Didn’t Expect To See THIS Rare Shark In Peru
The megamouth shark (Megachasma pelagios) is a large filter-feeder first discovered by a U.S. Navy research vessel in Hawaii in 1976. The shark was tangled up in some underwater cables and not formally described until 1983 when it was given its moniker due to its largemouths. It seems to have a global distribution in temperate and tropical waters, having been reported in Taiwan, Japan, the Philippines, and occasionally in the Indian or Atlantic Ocean. In the southern region of the Eastern Pacific Ocean, megamouth sharks have been reported off the coast of Ecuador, with a total of four bycatch events between 2004 and 2016. They had never been officially observed in Peru… until now.
The reports are part of a long-term small-scale fisheries monitoring project operating out of multiple fishing ports along the Peruvian coast.
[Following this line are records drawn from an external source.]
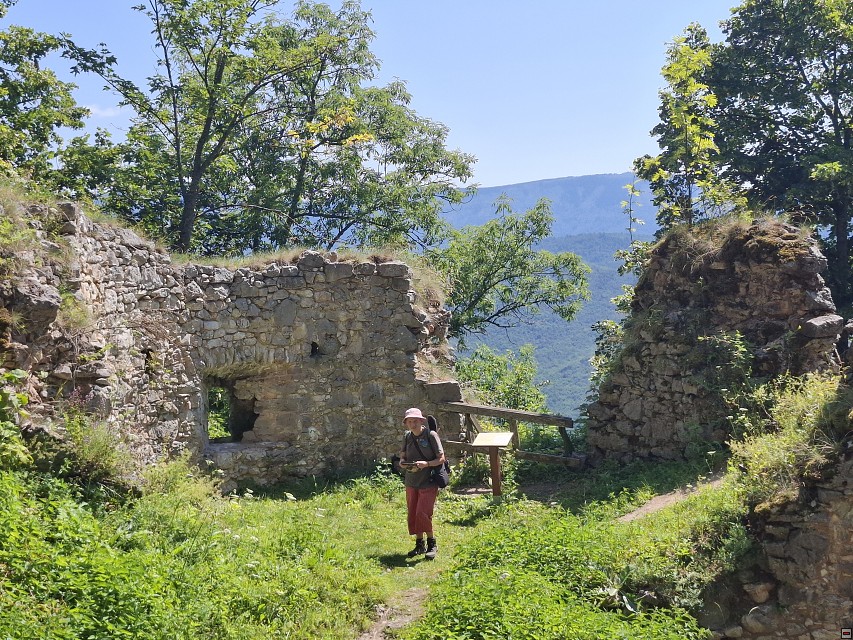 img00027.jpg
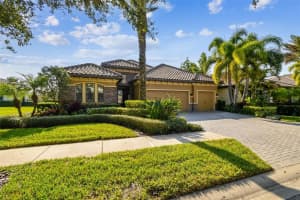 1446 VIA VERDI DRIVE, PALM HARBOR, FL 34684 - MLS#MFRTB8452705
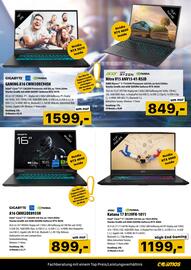 Cosmos Flugblatt Seite 5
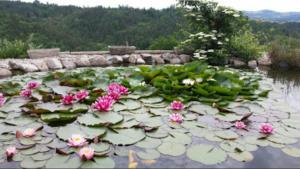 CHAMBRES DHÔTES DE MALVALETTE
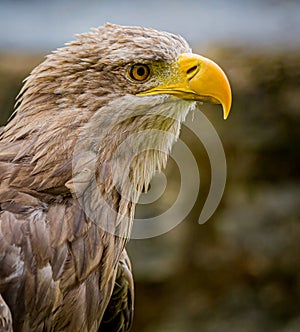 Young, immature bald eagle in right profile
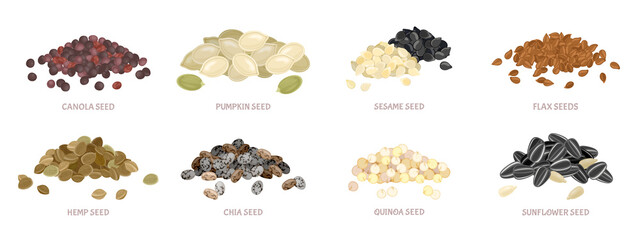 Seed pile set. Flax seed, sesame, chia, pumpkin seeds, canola, sunflower, quinoa, hemp seed. Vector simple illustration isolated on white. Icon in flat style.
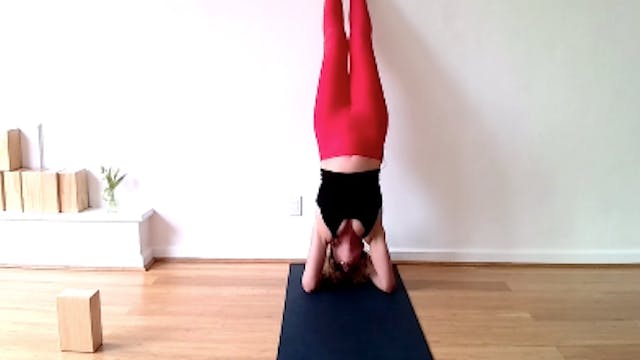 Flow to Forearm Stand - 60 min - Gret...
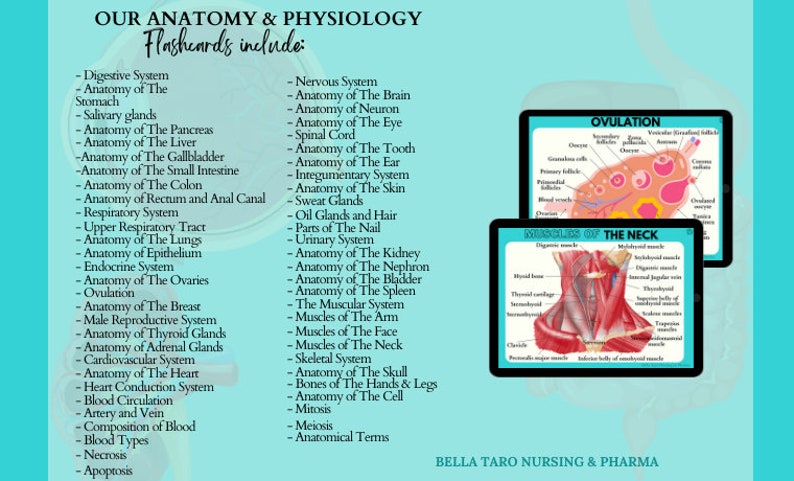 Anatomy & Physiology Flashcards | Anatomy Study Guide | Nursing School Notes | Nursing Study | Medical Notes | Instant Download PDF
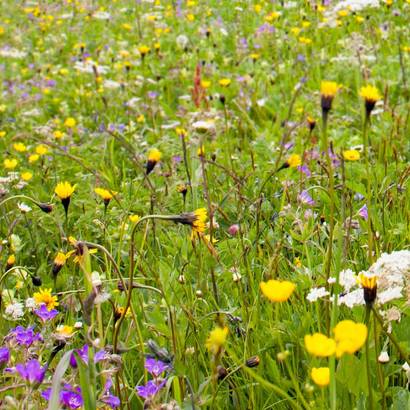 Artenreiche Blumenwiesen sind selten geworden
Fishermen participating in the project are trained to collect information about target and non-target catch species. “I think the program is good as fishermen feel proud to show these releases at sea, they feel good their efforts sometimes have a happy ending, but also they are fishing in a more responsible way,” says co-author Dr. Joanna Alfaro-Shigueto of the Universidad Científica del Sur, Antigua Panamericana.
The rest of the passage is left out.